* _ASSIGNED TASK_:
Could you reproduce the lines below from the one with "Dos niñas pequeñas" through the one with "ARETES GARDENIA FLOWER"? Keep both ends and add nothing.

* _EXTRACTED DATA_:

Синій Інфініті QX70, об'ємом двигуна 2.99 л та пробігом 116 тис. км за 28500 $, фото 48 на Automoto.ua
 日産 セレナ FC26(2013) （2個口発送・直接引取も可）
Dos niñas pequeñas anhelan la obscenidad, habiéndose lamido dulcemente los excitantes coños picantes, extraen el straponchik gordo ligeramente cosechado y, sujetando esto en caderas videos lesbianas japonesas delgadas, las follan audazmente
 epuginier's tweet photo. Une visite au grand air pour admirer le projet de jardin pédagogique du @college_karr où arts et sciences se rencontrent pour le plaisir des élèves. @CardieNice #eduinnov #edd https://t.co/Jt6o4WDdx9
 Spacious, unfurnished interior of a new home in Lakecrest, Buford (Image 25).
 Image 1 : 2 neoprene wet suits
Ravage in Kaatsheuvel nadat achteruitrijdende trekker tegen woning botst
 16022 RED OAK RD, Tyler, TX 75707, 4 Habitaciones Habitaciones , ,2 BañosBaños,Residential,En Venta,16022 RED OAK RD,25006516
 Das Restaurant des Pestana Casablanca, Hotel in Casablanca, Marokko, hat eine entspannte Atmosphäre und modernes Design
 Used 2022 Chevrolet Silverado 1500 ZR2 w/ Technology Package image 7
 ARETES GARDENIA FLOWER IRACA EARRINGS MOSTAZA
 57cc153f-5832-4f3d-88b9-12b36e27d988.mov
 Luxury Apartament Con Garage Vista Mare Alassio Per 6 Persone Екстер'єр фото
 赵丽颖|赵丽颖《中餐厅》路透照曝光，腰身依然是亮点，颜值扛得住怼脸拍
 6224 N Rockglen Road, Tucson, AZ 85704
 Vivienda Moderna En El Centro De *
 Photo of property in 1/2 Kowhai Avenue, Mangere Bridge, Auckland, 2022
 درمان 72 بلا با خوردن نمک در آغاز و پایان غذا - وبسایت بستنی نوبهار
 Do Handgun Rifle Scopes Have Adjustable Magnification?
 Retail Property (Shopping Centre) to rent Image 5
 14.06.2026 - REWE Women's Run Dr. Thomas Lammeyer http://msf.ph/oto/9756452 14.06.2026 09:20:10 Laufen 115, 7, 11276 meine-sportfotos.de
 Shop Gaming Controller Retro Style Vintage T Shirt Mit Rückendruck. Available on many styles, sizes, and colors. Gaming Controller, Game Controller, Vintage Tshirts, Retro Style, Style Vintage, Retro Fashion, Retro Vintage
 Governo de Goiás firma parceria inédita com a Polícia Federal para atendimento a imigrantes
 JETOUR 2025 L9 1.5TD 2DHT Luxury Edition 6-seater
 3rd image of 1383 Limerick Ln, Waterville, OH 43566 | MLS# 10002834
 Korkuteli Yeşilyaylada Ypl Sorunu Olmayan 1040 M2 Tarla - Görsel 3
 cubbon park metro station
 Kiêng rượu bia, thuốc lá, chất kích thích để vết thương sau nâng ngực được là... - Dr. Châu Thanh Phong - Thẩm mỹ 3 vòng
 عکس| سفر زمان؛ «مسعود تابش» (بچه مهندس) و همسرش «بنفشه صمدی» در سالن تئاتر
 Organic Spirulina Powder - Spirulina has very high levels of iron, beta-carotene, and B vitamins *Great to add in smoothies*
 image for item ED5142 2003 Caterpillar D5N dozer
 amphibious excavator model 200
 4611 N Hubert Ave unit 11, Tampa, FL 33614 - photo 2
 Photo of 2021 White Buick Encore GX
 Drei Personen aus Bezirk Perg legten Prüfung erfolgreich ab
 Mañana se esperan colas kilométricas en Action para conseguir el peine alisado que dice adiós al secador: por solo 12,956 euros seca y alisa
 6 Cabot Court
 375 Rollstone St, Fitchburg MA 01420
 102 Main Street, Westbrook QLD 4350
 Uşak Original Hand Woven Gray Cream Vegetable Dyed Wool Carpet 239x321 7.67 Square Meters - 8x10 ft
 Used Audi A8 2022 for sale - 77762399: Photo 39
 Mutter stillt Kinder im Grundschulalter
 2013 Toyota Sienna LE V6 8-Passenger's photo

* _SOLUTION TO THIS TASK_:
Dos niñas pequeñas anhelan la obscenidad, habiéndose lamido dulcemente los excitantes coños picantes, extraen el straponchik gordo ligeramente cosechado y, sujetando esto en caderas videos lesbianas japonesas delgadas, las follan audazmente
 epuginier's tweet photo. Une visite au grand air pour admirer le projet de jardin pédagogique du @college_karr où arts et sciences se rencontrent pour le plaisir des élèves. @CardieNice #eduinnov #edd https://t.co/Jt6o4WDdx9
 Spacious, unfurnished interior of a new home in Lakecrest, Buford (Image 25).
 Image 1 : 2 neoprene wet suits
Ravage in Kaatsheuvel nadat achteruitrijdende trekker tegen woning botst
 16022 RED OAK RD, Tyler, TX 75707, 4 Habitaciones Habitaciones , ,2 BañosBaños,Residential,En Venta,16022 RED OAK RD,25006516
 Das Restaurant des Pestana Casablanca, Hotel in Casablanca, Marokko, hat eine entspannte Atmosphäre und modernes Design
 Used 2022 Chevrolet Silverado 1500 ZR2 w/ Technology Package image 7
 ARETES GARDENIA FLOWER IRACA EARRINGS MOSTAZA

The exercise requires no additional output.